= Beginning of Section =
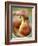 Three Red Williams Pears in a Bowl-Alain Caste-Framed Photographic Print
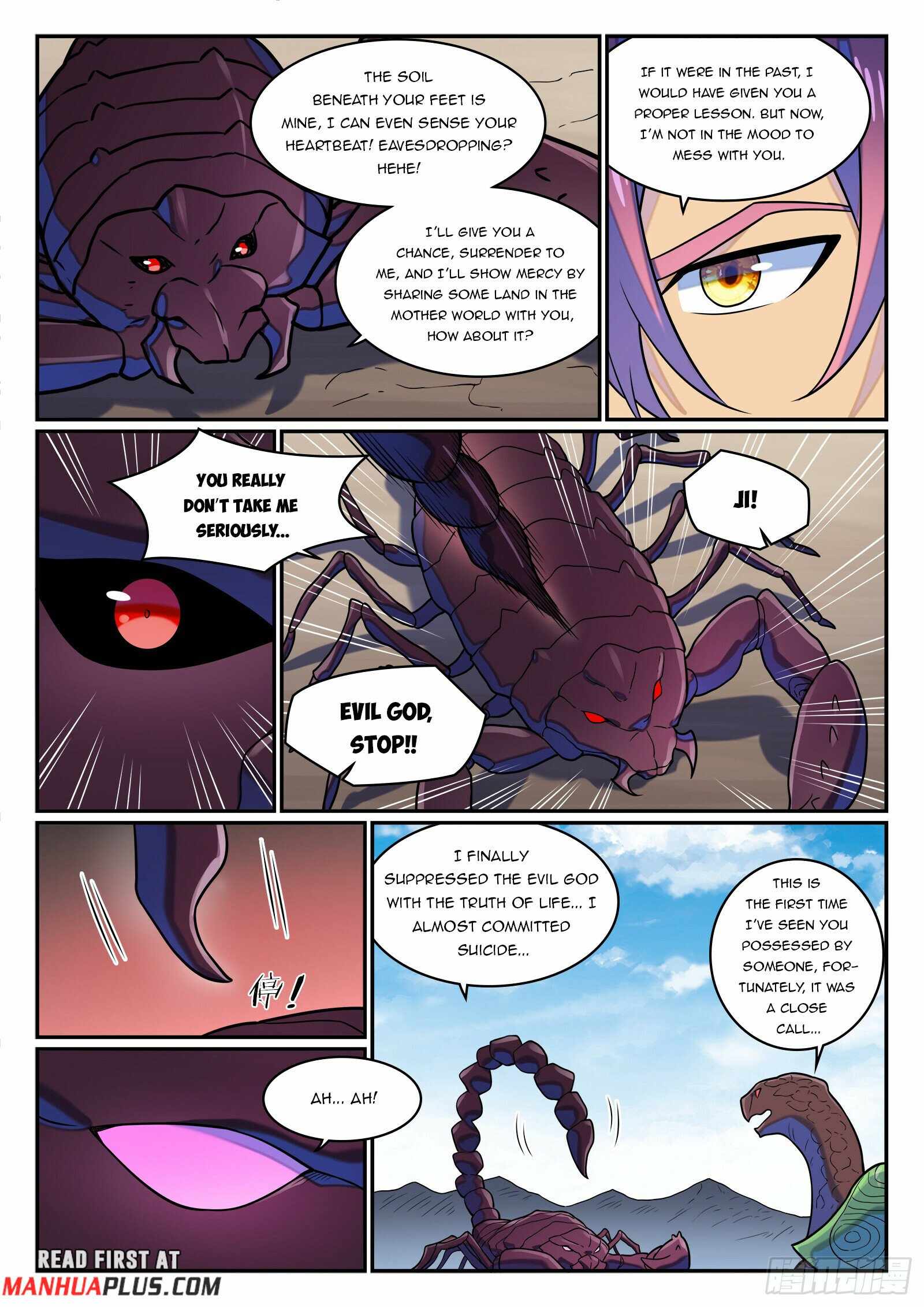 Read Apotheosis Reuploaded Manga Online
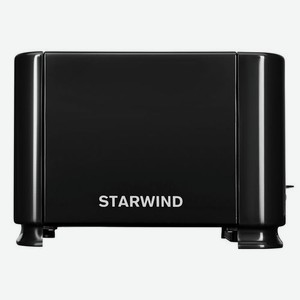 Тостер StarWind ST1101, черный/черный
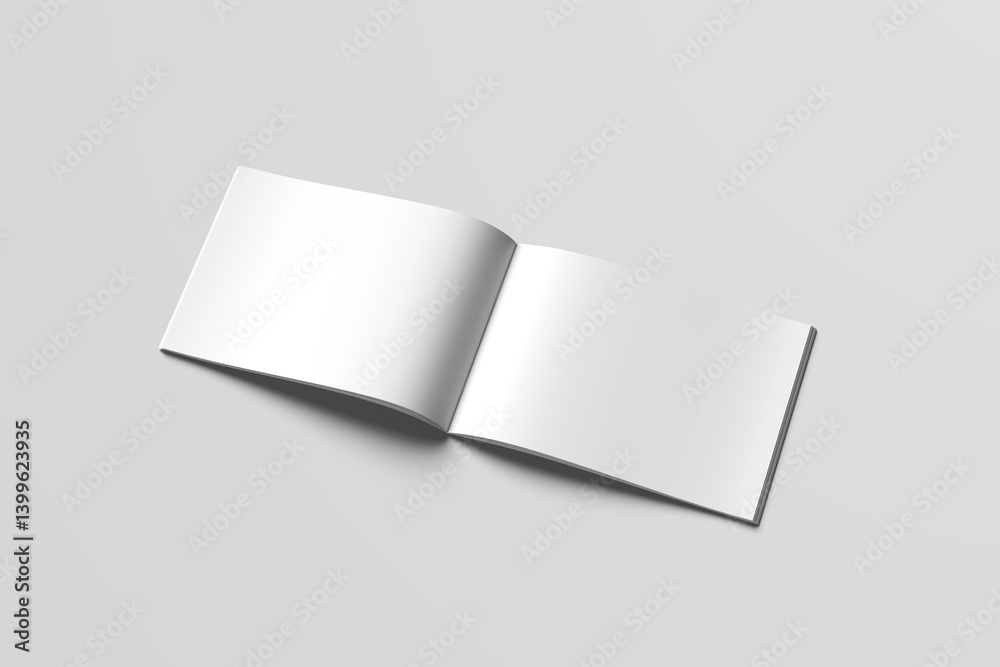 Vector mockup of two white paperback magazines with transparent shadow. Vector mockup of two white paperback magazines with transparent shadow.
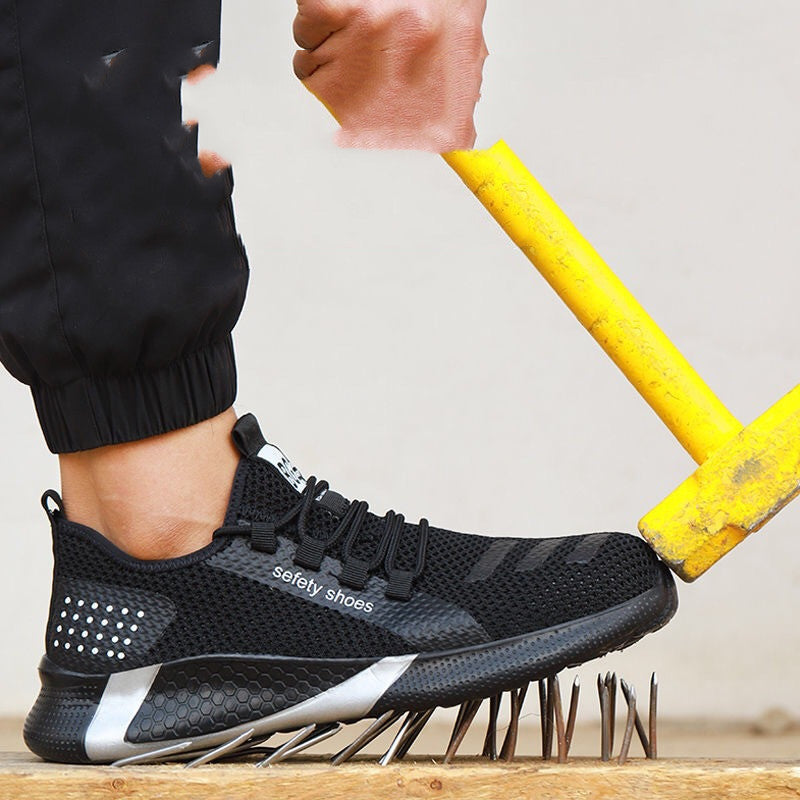 Baotou Anti-Hit Anti-Piercing Safety Shoes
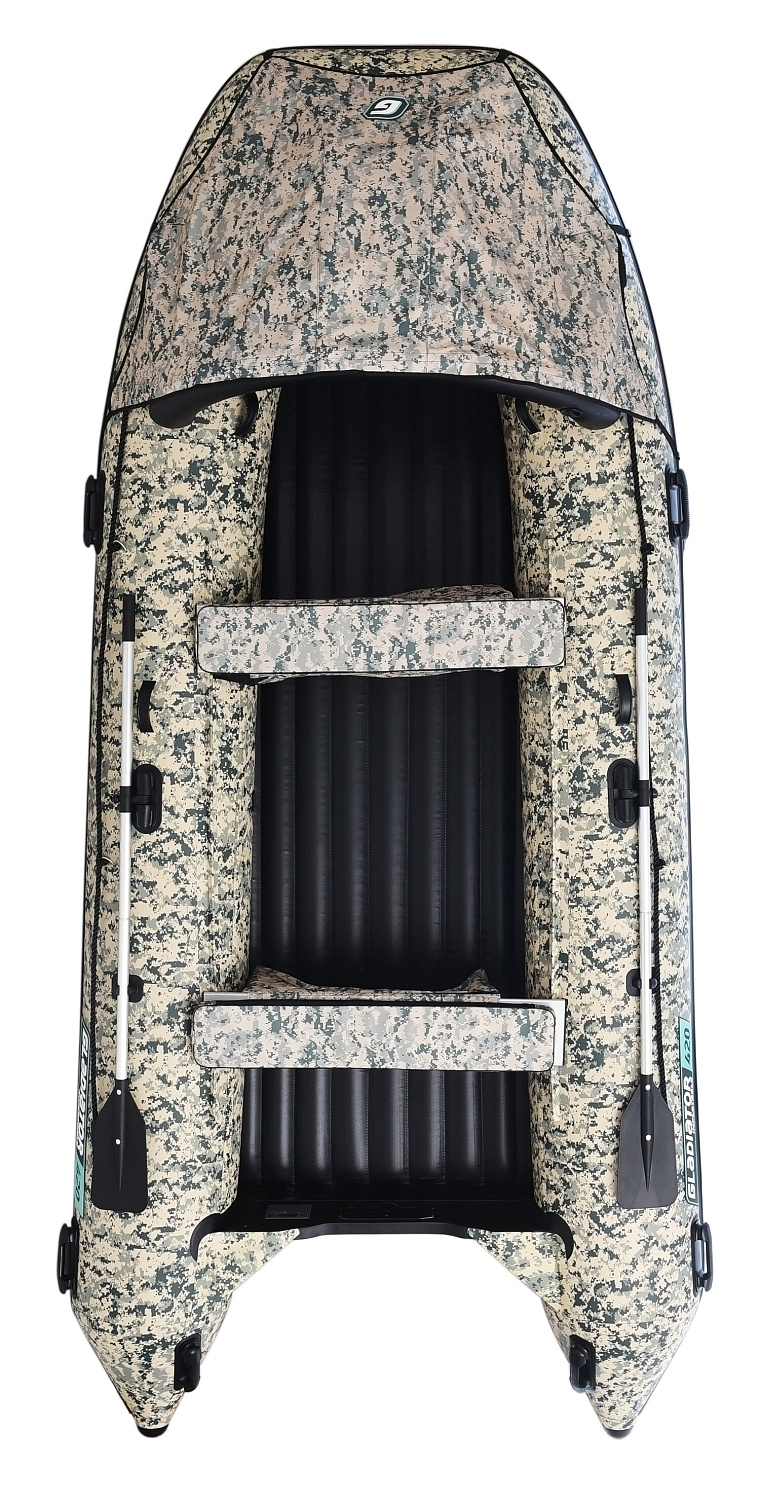 НАДУВНАЯ ЛОДКА GLADIATOR E450PRO в Ухте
= End of Section =
● **EXERCISE REQUIREMENTS**
From the first line to the last, reproduce the records above exactly and skip the pictures.

● **ANSWER BOX**
 Three Red Williams Pears in a Bowl-Alain Caste-Framed Photographic Print
 Read Apotheosis Reuploaded Manga Online
 Тостер StarWind ST1101, черный/черный
 Vector mockup of two white paperback magazines with transparent shadow. Vector mockup of two white paperback magazines with transparent shadow.
 Baotou Anti-Hit Anti-Piercing Safety Shoes
 НАДУВНАЯ ЛОДКА GLADIATOR E450PRO в Ухте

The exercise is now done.